If you’re one of the many people to see Captain Marvel then you know this scene takes place in Carol Danvers’ childhood memories, a reminder of when she was told to slow down. The implication, of course, is that Danvers should also be more "feminine," that she shouldn’t try to be like her brothers. And even then, as a young child with no powers, just a girl in touch with herself, she knew she was meant for speed.
At the beginning of the film, Danvers, living as a Kree soldier named Vers, has already received her superpowers, but she hasn’t quite yet tested them. A chip in her neck monitors the use of her powers, notifying the higher-ups if she begins to “lose control.” She believes her powers to have been a gift from the Kree who saved her when she was on the brink of death, and so, she accepts to the chip. Vers also experiences amnesia, limiting her ability to recall her past on Earth.
Vers’ whole existence changes when she arrives on Earth and puts the pieces of her past together. She finds her former best friend, Maria Rambeau, and learns the truth of the fateful day she disappeared. Her life was nothing like the Kree had told her it was and she realizes she’s been fighting the wrong people. The memories that flood back to Danvers remind her that she has always been perseverant. She has fallen so many times, but she always gets back up, wipes the dirt off, and tries again, relishing in the naysaying of those who doubt her.

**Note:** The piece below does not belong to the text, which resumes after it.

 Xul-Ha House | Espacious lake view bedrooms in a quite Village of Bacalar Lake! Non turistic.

Normally, arrogance isn’t a favored virtue — but when it comes to a girl who has been told to slow down, a woman who has been told she can’t fly, and a hero who has a power-limiting chip that was installed without her permission, arrogance comes to mean something else.

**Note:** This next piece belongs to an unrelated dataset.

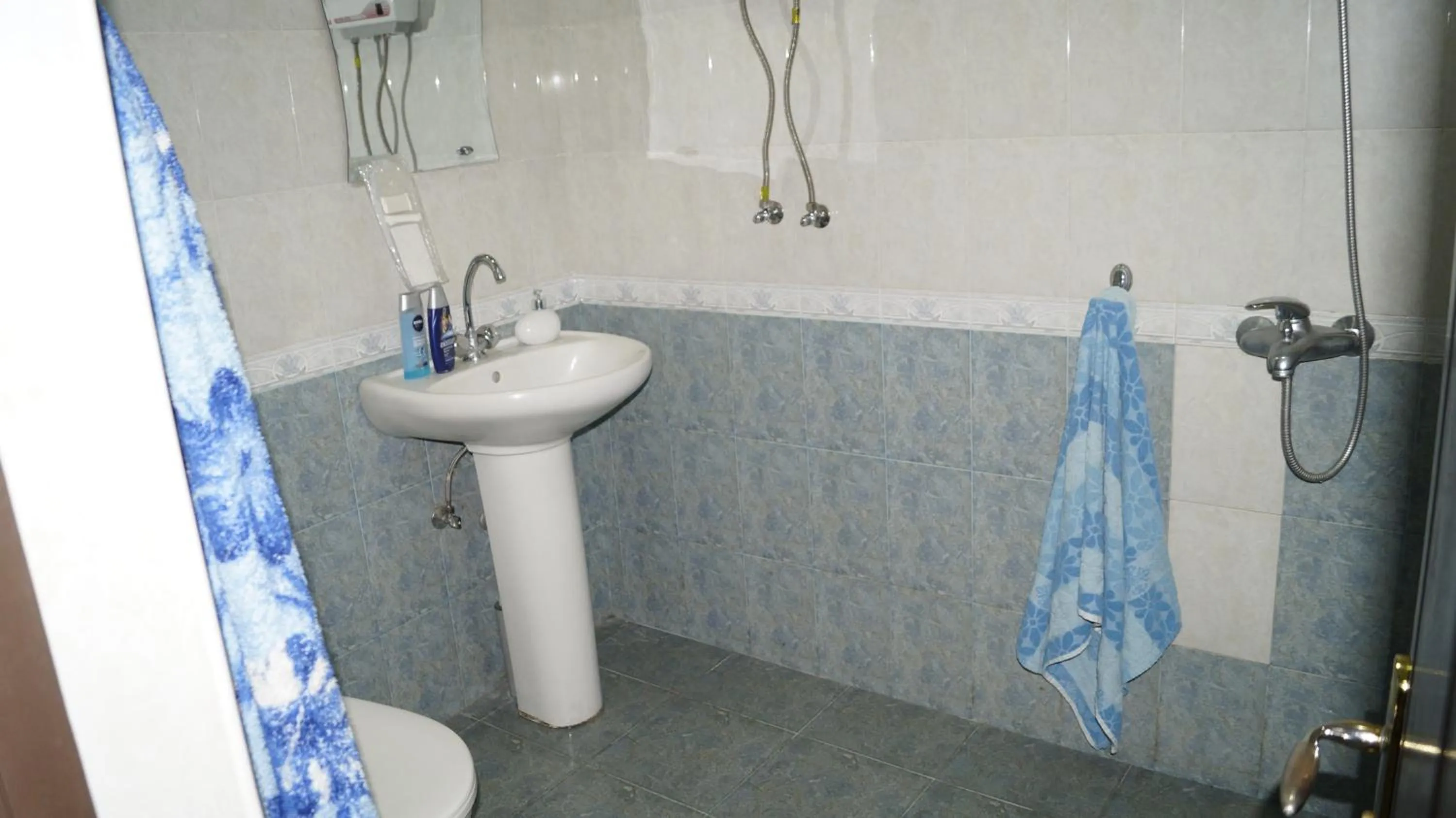 Bathroom in Komitas Avenue Guest House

That arrogance is not about being self-obsessed, but self-assured; not thoughtless about others, but aware of oneself; not bombastic, but confident; not controlling, but accepting. Danvers’ arrogance isn’t the machismo arrogance that makes the world a little worse; it’s the opposite. She possesses a kind of radiant arrogance that makes the world a little brighter.
What’s perhaps even more compelling is what that arrogance does for Danvers’ life, both before she becomes a superhero and while she’s exploring her identity and powers. She only finds out about her past because she’s arrogant enough to break into a secure SHIELD facility. She only learns she can fly and breathe in outer space because she’s arrogant enough to jump on her enemy’s ship during launch. She only discovers the range of her photonic abilities because she’s arrogant enough to remove the chip limiting her powers. She only finds herself because she’s arrogant enough to believe she has a right to know who she is.

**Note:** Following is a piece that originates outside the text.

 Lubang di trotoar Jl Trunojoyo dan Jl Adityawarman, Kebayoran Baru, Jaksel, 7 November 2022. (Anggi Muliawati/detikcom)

Danvers, flying up above the Earth, glows like a shimmering rainbow of pure, unadulterated rage. As she attacks, easily destroying their weapons, their smaller ships, and their warships, she begins to holler, enjoying herself. At one point, Danvers kicks her legs wide, spreads her arms, and starfishes belly-first into one of the smaller ships blowing it to smithereens. She is joyous in her total annihilation of the opposing force — loving her powers, loving her hard-won freedom, loving herself.
In a world where women and non-binary folks are taught to make ourselves smaller, where we’re told to want less and eat less and talk less and argue less, Danvers’ arrogance is like a shining beacon of hope. She doesn’t have to play small or be small. She can know who she is and know that makes her a badass and strut like she owns the universe. Are you going to tell her she doesn’t?